Esta visión de la historia adolece de algunas inconsistencias. Difícilmente podría sostenerse, por ejemplo, que en la Checoslovaquia de los años 60 las autoridades se enfrentaran a la URSS para imponer la democracia liberal, descartando cualquier rasgo de organización socialista. Es simplificador asegurar, por otra parte, que la caída de los regímenes dependientes de la URSS, una carga para ella en muchos aspectos, fuera la causa principal de su disolución.
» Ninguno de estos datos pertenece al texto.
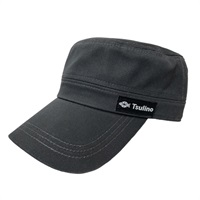 ワークキャップ 【暑さ対策/日焼け対策】(チャコール)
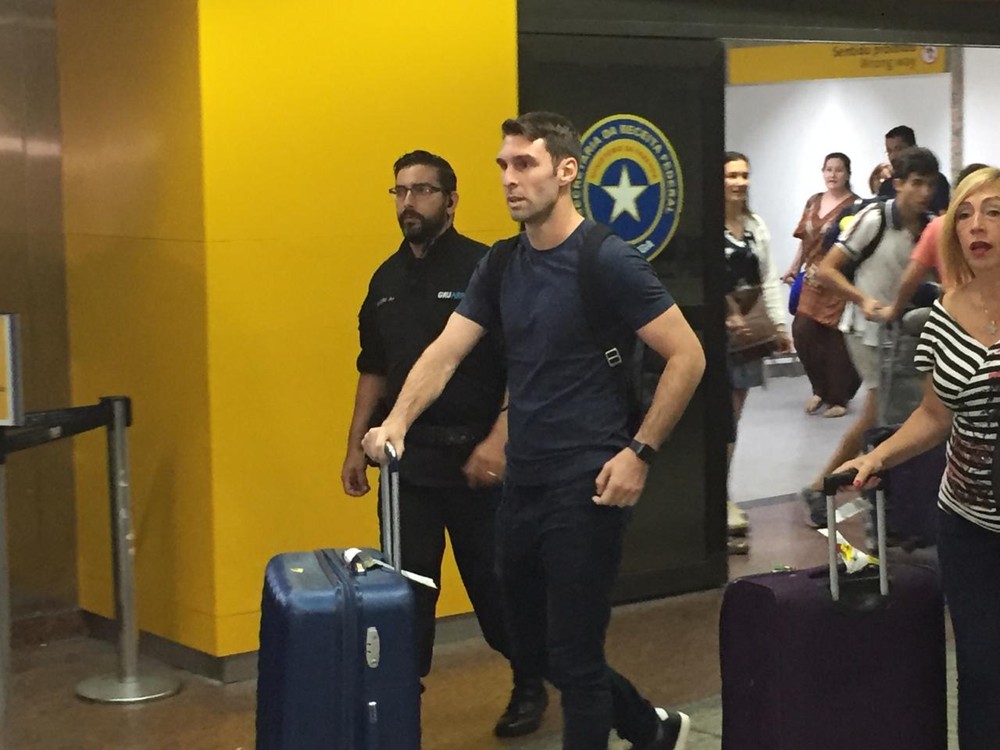 Na chegada ao México, Boselli volta a elogiar a estrutura do Corinthians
Otros hechos resultaron más determinantes, en especial las contradicciones de una organización política que no garantizaba las ambiciones económicas de sus nuevas elites, los futuros oligarcas, o la sangría que para la URSS significó Afganistán.
La que terminó cayendo, por lo demás, no fue la URSS estalinista que nunca dejó de imponer temor y respeto a Europa y a Estados Unidos, sino la ‘perestroika’ de Gorbachov, un proyecto político compartido por líderes como Dubcek. A los mujahidines que protagonizaron buena parte de la crisis pocos serían, por otra parte, los que se atreverían en Occidente a mantenerles la categoría que se les atribuyó inicialmente, la de libertadores.
Tomemos como ejemplo al desaparecido Abu Zubair. Personaje importante en la campaña antisoviética en el sur de Afganistán, su faceta de antiguo aliado le permitió participar en la guerra de Bosnia con su grupo de paramilitares. Desde Londres, Al Haili todavía enviaba agentes a Kosovo a mediados de 1998. Después de ayudar a escapar a los grupos de talibanes y de árabes afganos acosados en Afganistán tras el 11 de Septiembre, sería finalmente detenido en 2002 en Marruecos. Quedan pocas dudas de su papel en la consolidación de las redes islamistas asociadas a atentados como los de Djerba, Casablanca o Madrid.
El punto débil de quienes sostienen la tesis del fin de la historia, entendido como la victoria final de la democracia al estilo angloamericano, es que este triunfo no está exento de páginas tan poco gloriosas como las protagonizadas por Abu Zubair.
Es cierto que algunas de las ideas que inspiraron a los rebeldes de Mayo del 68 y a los que les siguieron en otros países también fueron germen de injusticias y crímenes que nunca nadie podrá justificar. Existieron sin duda el gulag, la revolución cultural, la opresión contra el nacionalismo dominante en los países del Este europeo, etcétera. Pero esto no invalida a quienes, desde el respeto a los principios democráticos, siguen oponiéndose al intervencionismo, al golpismo, a la formación y manipulación de grupos paramilitares y a la imposición de una única forma de organizar la política y la economía. Hay muchas maneras de entender la democracia, si es que ésta es digna de tal nombre.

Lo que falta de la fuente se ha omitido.